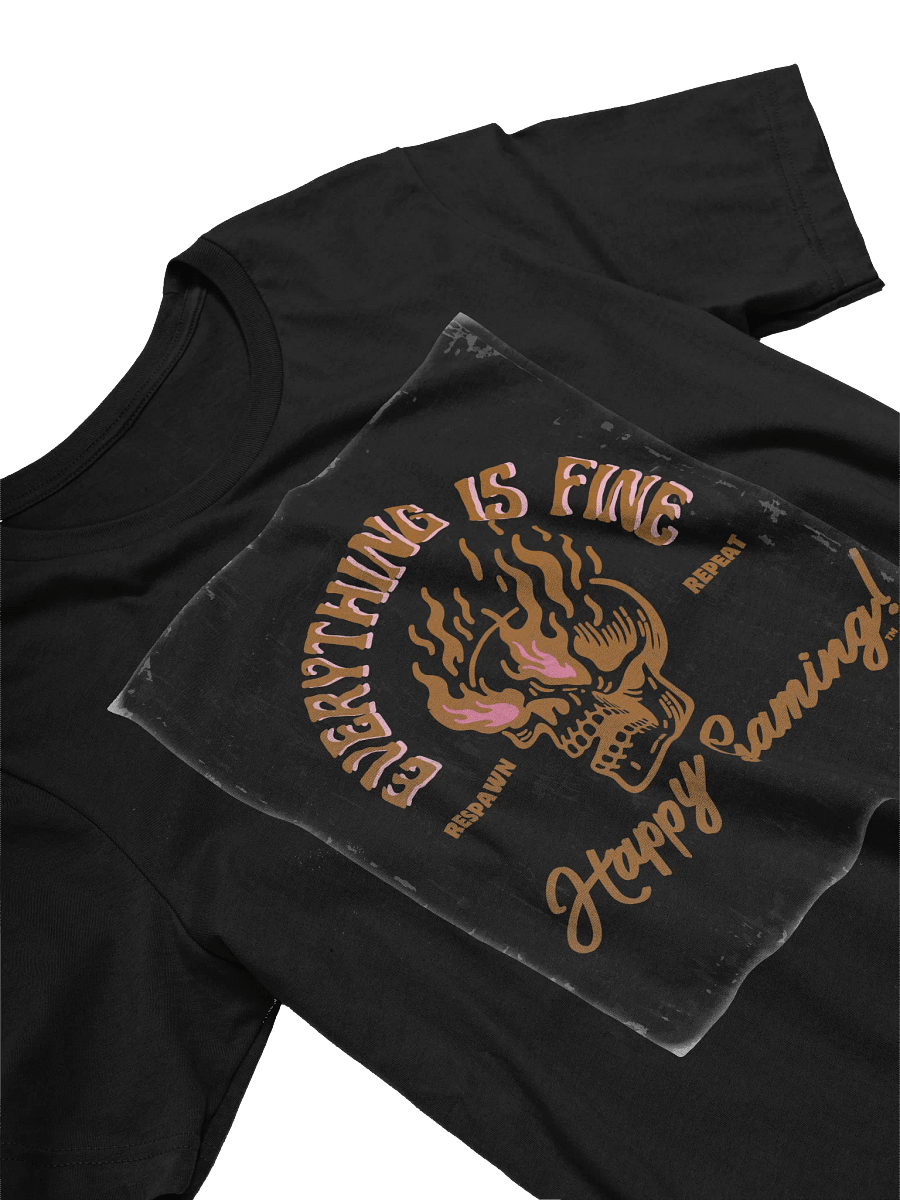 Everything Is Fine Flaming Skull Gaming Tee product image (3)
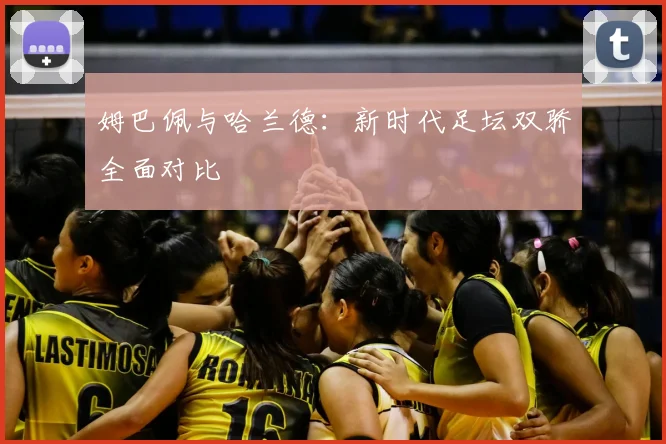 姆巴佩与哈兰德：新时代足坛双骄全面对比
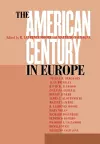 The American Century in Europe cover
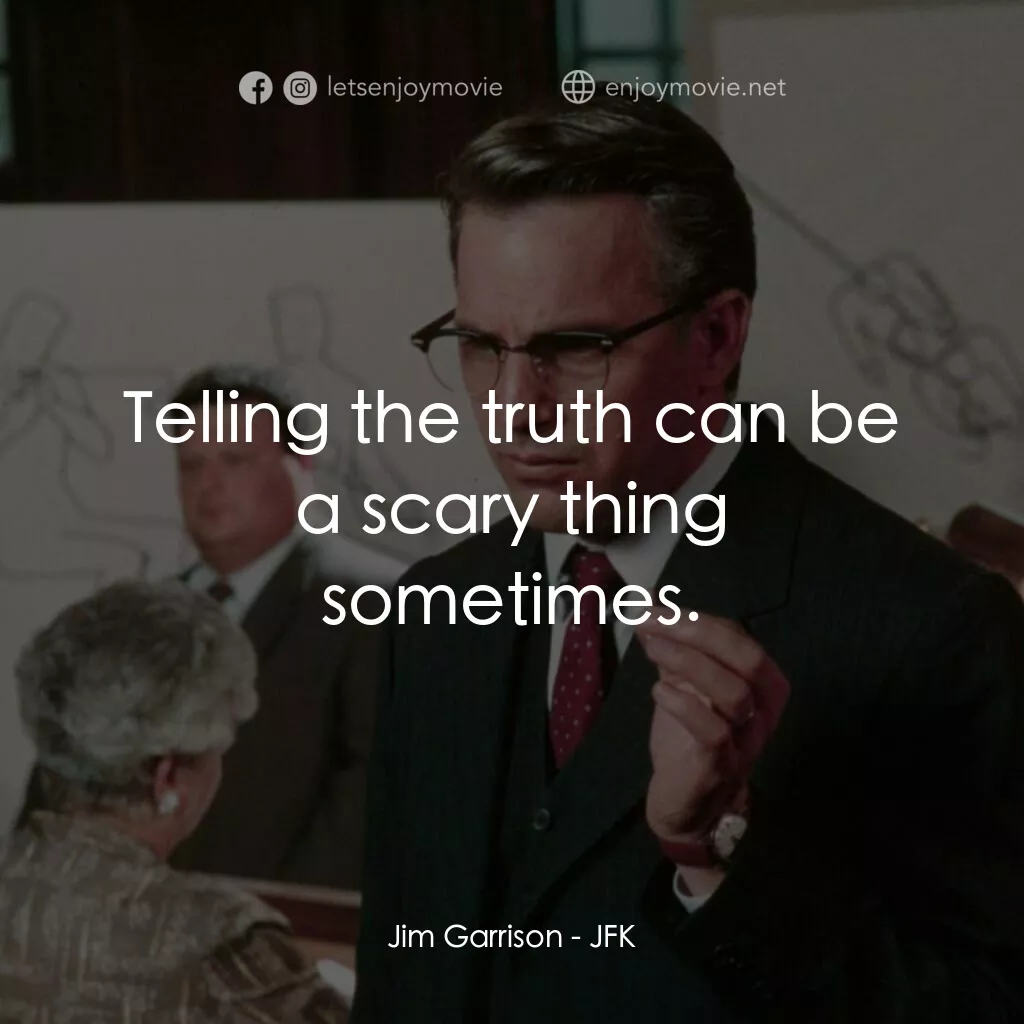 誰殺了甘迺迪電影對白：Jim Garrison:  Telling the truth can be a scary thing sometimes.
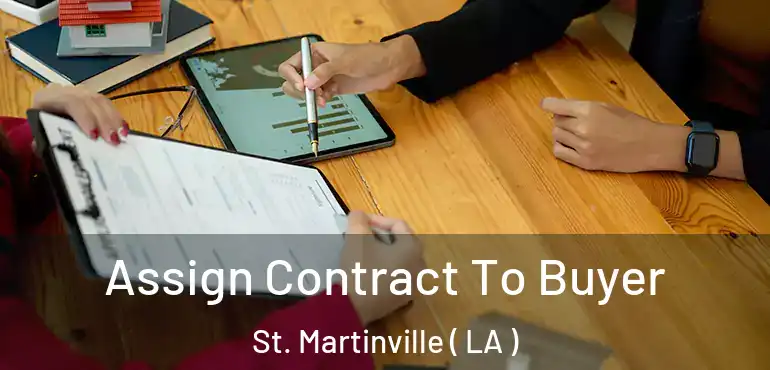  Assign Contract To Buyer St. Martinville ( LA )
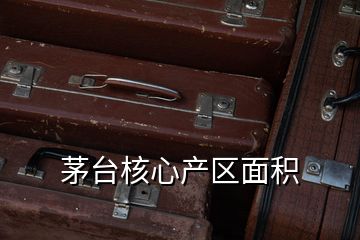 茅臺核心產(chǎn)區(qū)面積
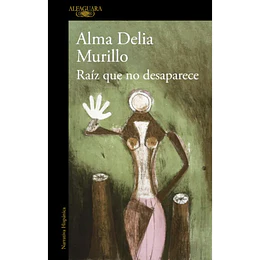 Raíz Que No Desaparece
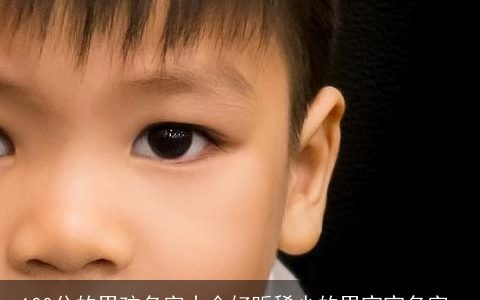 100分的男孩名字大全好听稀少的男宝宝名字_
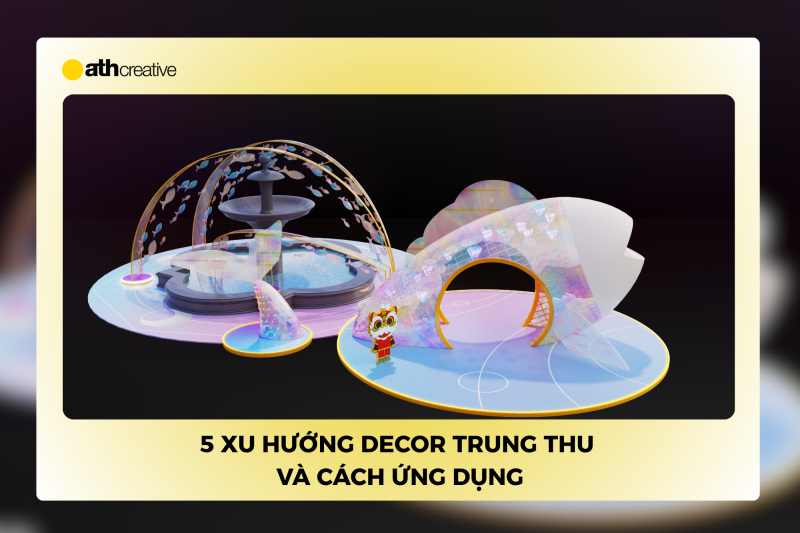 5 xu hướng decor Trung Thu đang “lên ngôi” và cách ứng dụng thông minh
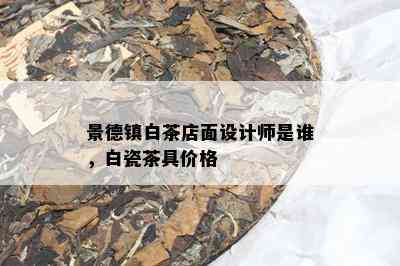 景德镇白茶店面设计师是谁，白瓷茶具价格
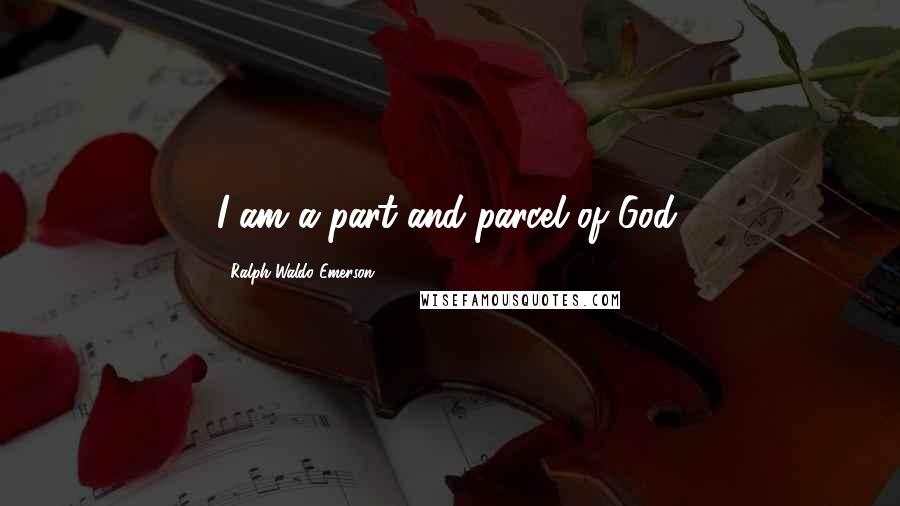 Ralph Waldo Emerson Quotes: I am a part and parcel of God.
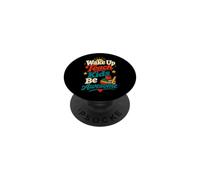 Wake Up Teach Kids Be Awesome Teacher Humor PopSockets Adhesive PopGrip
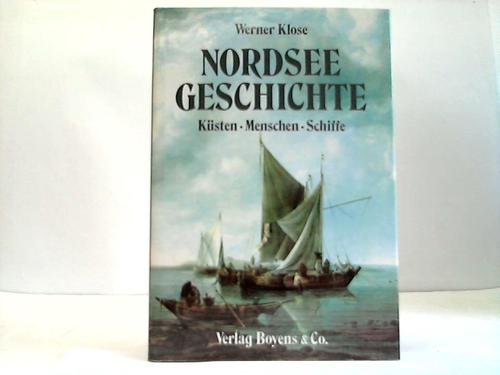 9783804203884: Nordseegeschichte. Küsten - Menschen - Schiffe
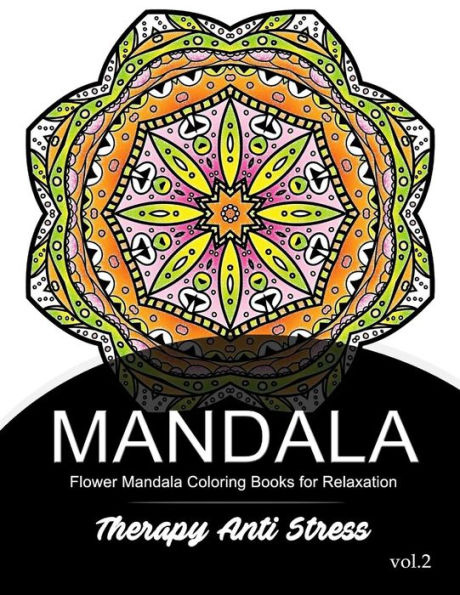 Mandala Therapy Anti Stress Vol.2: Flower Mandala Coloring book for Relaxation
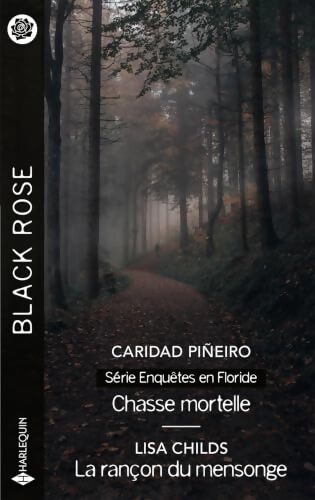 Chasse mortelle / la rançon du mensonge - Caridad Piñeiro - Livre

### What the exercise asks
Above, find the line holding "scary thing sometimes." and the line holding "Mandala Therapy Anti". Print exactly those two lines and every line between them, but no pictures.

### Solved problem
 誰殺了甘迺迪電影對白：Jim Garrison:  Telling the truth can be a scary thing sometimes.
  Assign Contract To Buyer St. Martinville ( LA )
 茅臺核心產(chǎn)區(qū)面積
 Raíz Que No Desaparece
 100分的男孩名字大全好听稀少的男宝宝名字_
 5 xu hướng decor Trung Thu đang “lên ngôi” và cách ứng dụng thông minh
 景德镇白茶店面设计师是谁，白瓷茶具价格
 Ralph Waldo Emerson Quotes: I am a part and parcel of God.
 Wake Up Teach Kids Be Awesome Teacher Humor PopSockets Adhesive PopGrip
 9783804203884: Nordseegeschichte. Küsten - Menschen - Schiffe
 Mandala Therapy Anti Stress Vol.2: Flower Mandala Coloring book for Relaxation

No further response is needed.